On salue donc bien bas cette initiative inattendue et courageuse ainsi que l’effort éditorial de Sidonis Calysta, qui non seulement nous permet d’enfin revoir Un justicier dans la ville dans des conditions de visionnage que l’on pourra sans trop de peine qualifier d’optimales, mais nous propose également de découvrir le tout au cœur d’un très beau Digibook contenant un livret de 112 pages intitulé « Les justiciers dans la ville » signé par l’incontournable Marc Toullec. Et contrairement à ce que l’on pouvait s’attendre, l’ancien rédac’ chef de Mad Movies ne dressera pas un portrait du genre « vigilante » au cinéma, mais se basera au contraire sur l’oeuvre de Brian Garfield, le romancier à l’origine du film de Michael Winner. Après une présentation de l’auteur et de son œuvre, le journaliste nous proposera une analyse des films de la saga Un justicier dans la ville : ceux avec Bronson bien sûr, mais également le remake signé Eli Roth en 2018 (avec Bruce Willis) ainsi que le chef d’œuvre Death sentence (James Wan, 2007), qui se trouve être une adaptation du roman « A déguster froid » (Death sentence, 1975), la suite du roman « Death wish » (1972) ayant servi de base au premier Justicier, et n’ayant par ailleurs jamais été traduit en français.

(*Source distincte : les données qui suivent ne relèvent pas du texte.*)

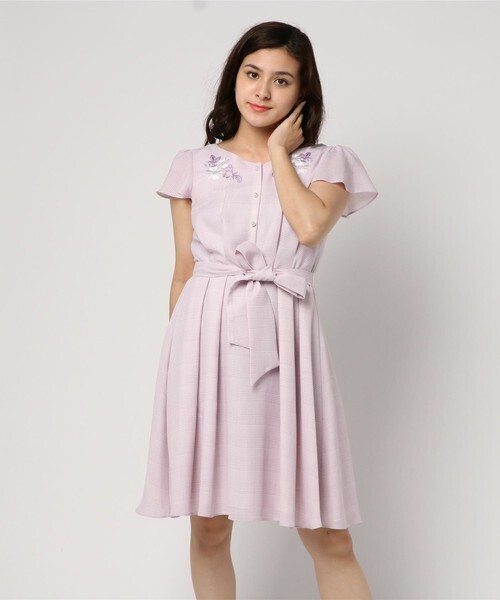 LAISSE PASSE グレンチェック刺繍ワンピース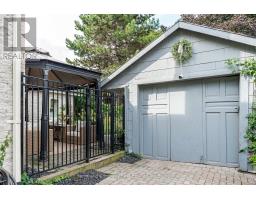 26 ONTARIO STREET S - 37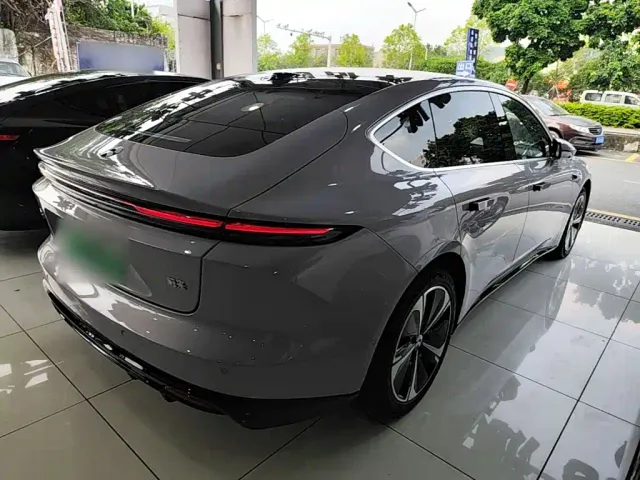 Nio ET5 — Фото автомобиля 6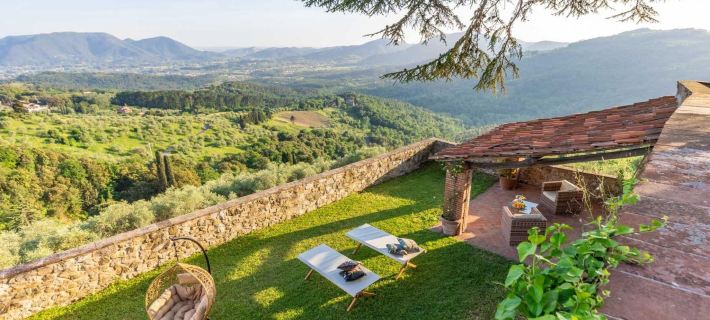 Villa Borbone - Perched on the Lucca Hills Hotels in Lucca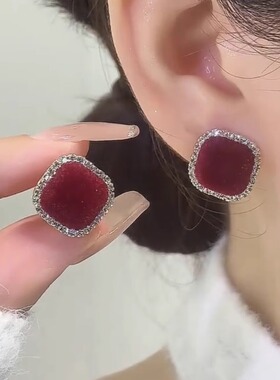 925银针秋冬酒红色植绒方形镶钻耳钉轻奢高级感耳环气质新年耳饰
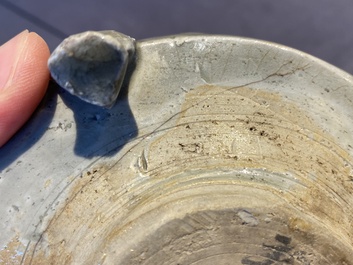 Een Chinese Longquan celadon driepotige wierookbrander met kintsugi herstelling op houten sokkel, Ming
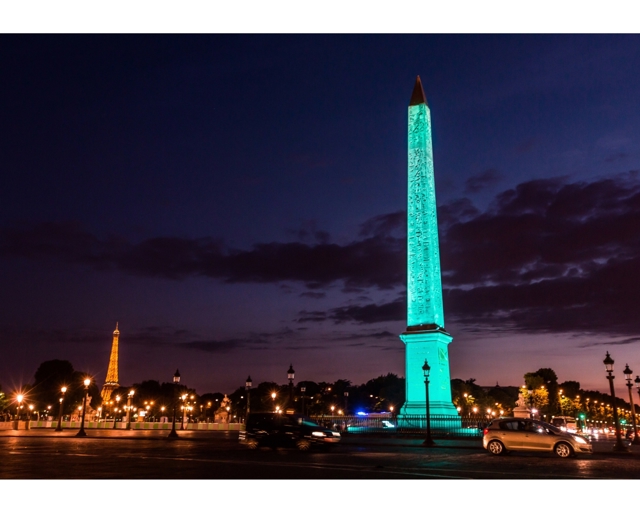 Obelisk-lit-up-in-Ti_2818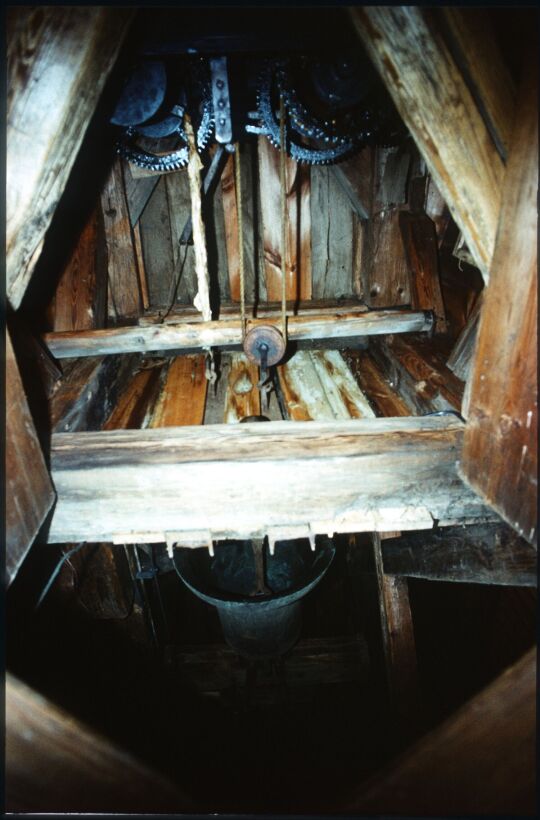 Altes Uhrwerk und Glocke in der Kirche Fischbach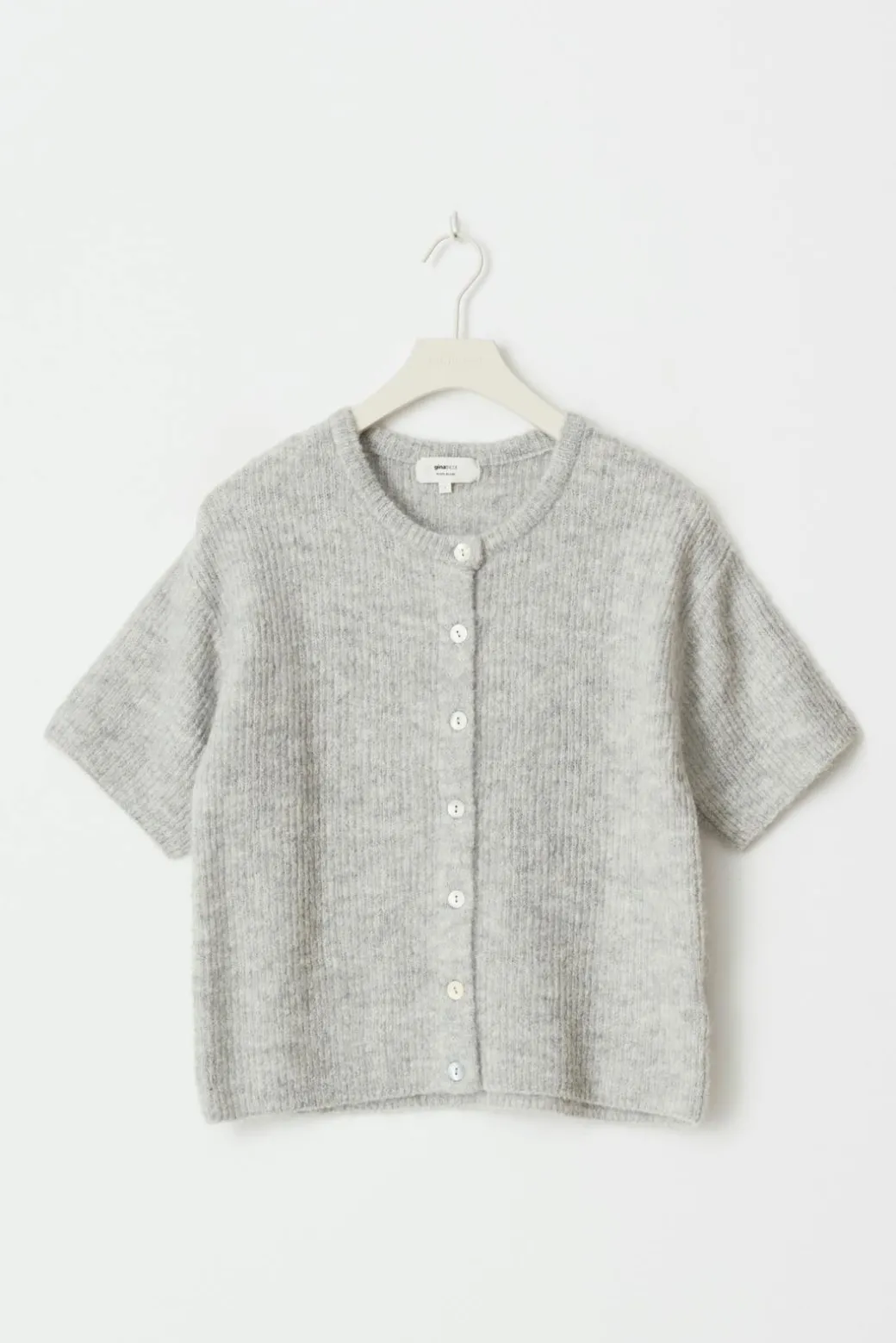 Short sleeve knitted cardigan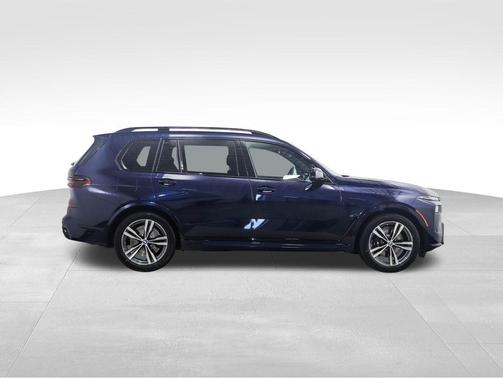 2026 BMW X7 M60i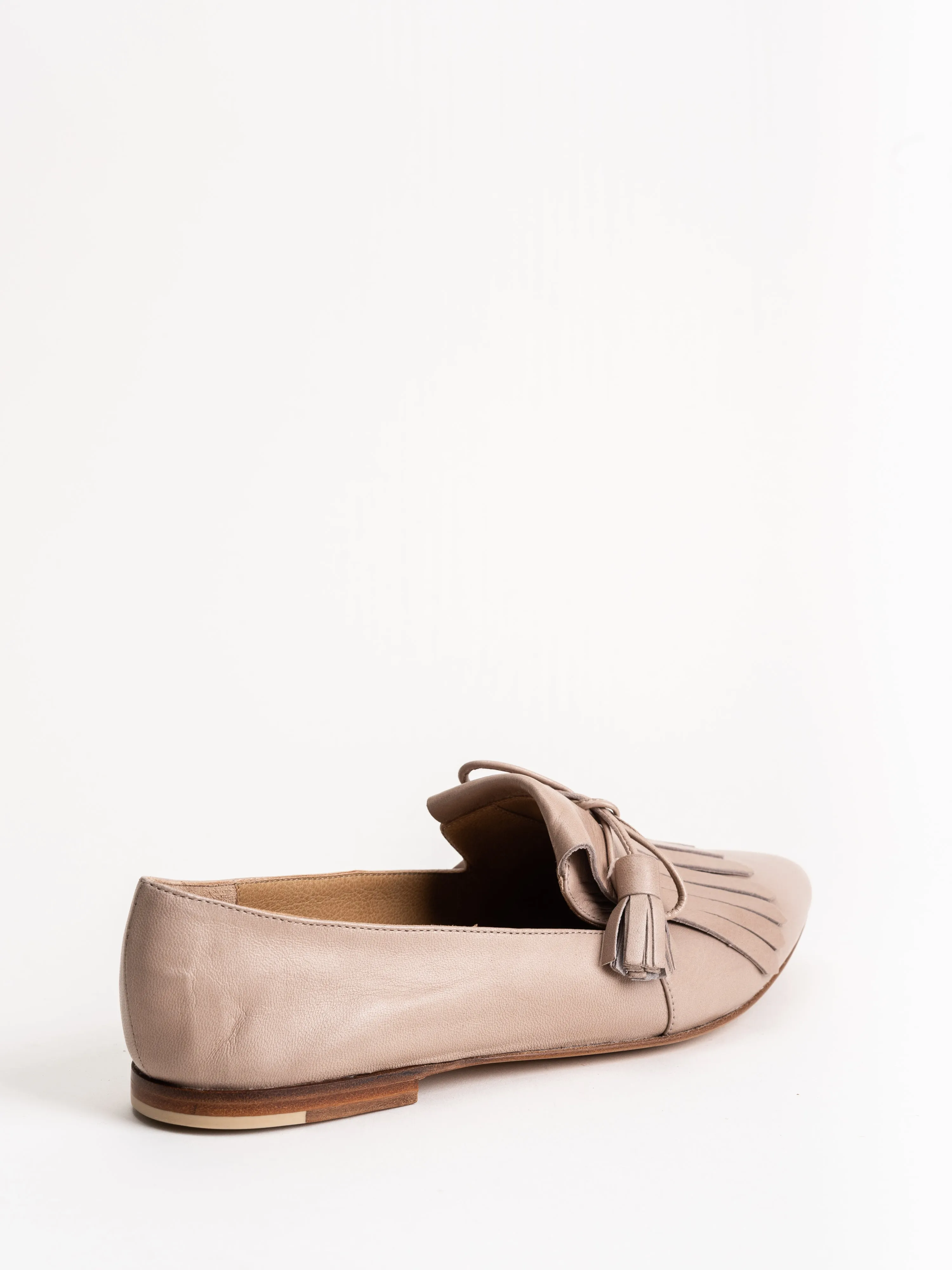 kiltie bow tassle flat - nude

Techniquement, le Blu-ray édité par Sidonis Calysta s’avère on ne peut plus recommandable : l’image est assez superbe, le piqué est précis, même dans ses passages les plus sombres, et rend parfaitement hommage à la photo très urbaine du film, signée Arthur J. Ornitz. La définition est précise, les couleurs très saturées sont respectées à la lettre, de même que la granulation argentique d’origine. Côté son, les mixages DTS-HD Master Audio 2.0 affichent une clarté et une propreté remarquables, préservant une belle homogénéité entre les ambiances, les dialogues et la musique d’Herbie Hancock, un des musiciens de jazz les plus importants et influents du vingtième siècle.

Côté suppléments, Sidonis Calysta nous propose, outre le livret de Marc Toullec évoqué un peu plus haut, de nous plonger dans une présentation du film par François Guérif (23 minutes). Grand spécialiste de la série noire, l’ancien directeur des collections Rivages/Noir et Rivages/Thriller reviendra sur la portée sociologique du film, avant d’en aborder les qualités autant que les défauts. Comme nous, il considère le film comme plus intelligent qu’il n’y paraît à priori, et n’est pas certain que le film soit si réactionnaire qu’on a bien voulu le dire depuis des années. On terminera avec un documentaire sur Charles Bronson intitulé « Charles Bronson, un héros populaire » (40 minutes), qui reviendra (beaucoup) sur la vie privée de l’acteur ainsi que (un peu) sur sa carrière. Sobre et relativement complet, ce documentaire d’une quarantaine de minutes donne la parole à plusieurs amis de Bronson. Intéressant.